In June of 2003, they broke up. During the next two and one-half years, Partner continued to see Child-1 at Mother’s house evenings and weekends, helped take care of him, and went on outings and vacations with him and Mother. When Partner received promotion in Air Force reserves, Mother and Child-1 participated in epaulet-pinning ceremony in front of 65 of Partner’s friends, family, and colleagues.

In 2004, Mother decided to adopt another child. Partner sent word that she was not expecting to help parent that child. Later, however, when the adoption of Mother’s second child (Child-2) bogged down, Partner flew to Minnesota at Mother’s request to help with Child-1’s care. Moreover, Mother gave Child-2 a middle name that contained Partner’s middle name.

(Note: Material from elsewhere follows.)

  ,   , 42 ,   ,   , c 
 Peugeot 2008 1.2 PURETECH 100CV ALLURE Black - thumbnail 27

After that, Partner continued as before, spending evenings and weekends with Child-1 (and now Child-2), helping with their care, and going on outings and vacations.

In November of 2005, Partner and Mother resumed their relationship. Partner set up college funds for both Children, displayed their photos in her office, brought them to family and work events, went to all of Child-1’s baseball practices and games, and attended all school functions. When Partner’s parents took their family on a cruise to celebrate their 50th wedding anniversary, Mother and Children were included. Partner’s mother testified that Partner cared for Children like any other parent would, including cleaning up after Child-1 had vomited.

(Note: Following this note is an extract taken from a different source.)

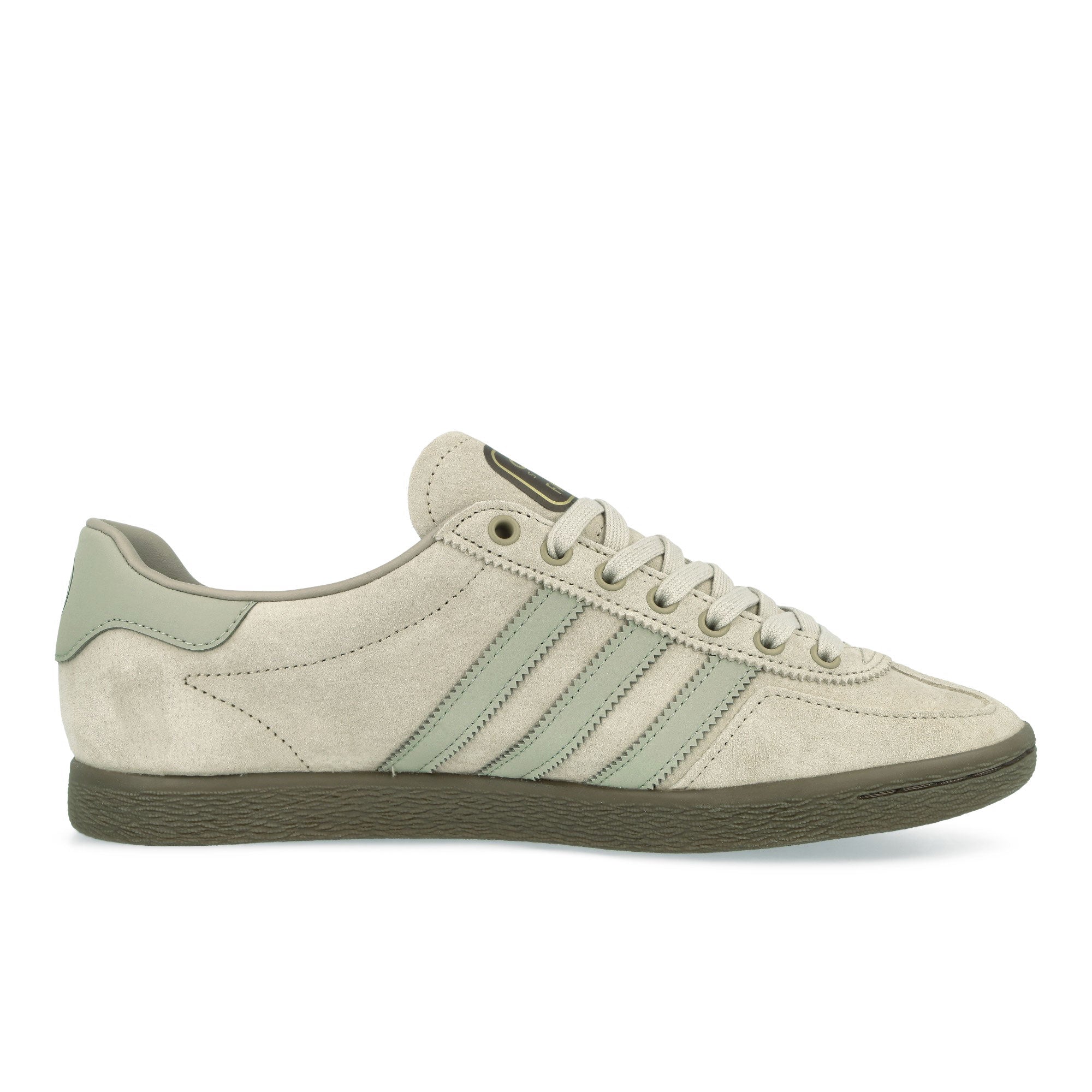 adidas<br>Failsworth SPZL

In November of 2007, after Partner and Mother decided to buy a house together, Partner sold her house and moved in with Mother and Children. She continued to live there after the house deal fell through, but moved into her own apartment after eight months. Partner also spent considerable sums on family expenses, but took no action to adopt or formalize her relationship with Children, fearing to jeopardize her 30 year military career by running afoul of the since-repealed "Don’t Ask Don’t Tell" statute.

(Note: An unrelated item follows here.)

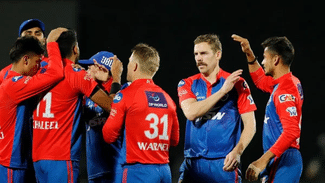 Delhi Capitals, IPL 2023: ਦਿੱਲੀ ਨੂੰ ਰਿਕੀ ਪੋਂਟਿੰਗ ਅਤੇ ਸੌਰਵ ਗਾਂਗੁਲੀ ਨੇ ਡੁਬੋਇਆ? ਸੁਨੀਲ ਗਾਵਸਕਰ ਨੇ ਇਹ ਕੀ ਕਹਿ ਦਿੱਤਾ ? Delhi Capitals, IPL 2023: ਦਿੱਲੀ ਨੂੰ ਰਿਕੀ ਪੋਂਟਿੰਗ ਅਤੇ ਸੌਰਵ ਗਾਂਗੁਲੀ ਨੇ ਡੁਬੋਇਆ? ਸੁਨੀਲ ਗਾਵਸਕਰ ਨੇ ਇਹ ਕੀ ਕਹਿ ਦਿੱਤਾ ?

Partner and Mother ended their relationship in June of 2009, after which Mother told Partner she was cutting off all contact between Partner and Children. Partner then filed a petition to be declared Children’s presumed parent. While the matter was pending, Child-1 used friend’s cell phone to call Partner, saying he loved her, missed her, and wanted to see her.

When trial concluded, Trial Court found that although Partner kept a separate home, she and Mother "shared a blended home" into which Partner had received Children, embraced the responsibilities and rights of parenthood, demonstrated full commitment to Children, and spent most nights and weekends. Trial Court also found that Partner held Children out as her natural children to friends and family, that Mother had failed to rebut the presumption of parenthood, and that denying Partner’s petition would leave Children in the unfavorable position of having only one parent. Declining to address Mother’s constitutional claims, Trial Court granted Partner’s petition and declared Partner to be Children’s presumed parent under California Family Code Section 7611(d).

Mother appealed, but California Court of Appeals has now affirmed Trial Court’s decision. The Court of Appeals has ruled that (1) Partner need not have received Children into her separate residence because sufficient evidence showed that she received them into Mother’s home (which served as parties’ joint home), where she spent most of her time, cared for Children, and gave them financial support; (2) there was ample evidence that Partner held Children out as her natural children; (3) Trial Court did not abuse its discretion by finding that Mother failed to rebut the parenthood presumption under California Family Code Section 7611(d) because Partner demonstrated full commitment to parenting, there are no competing claims to her being Children’s second parent, and public policy favors Children’s having two parents; and (4) declaring Partner to be Children’s second parent will not impermissibly interfere with Mother’s constitutional right to make decisions concerning Children’s care, custody, and control.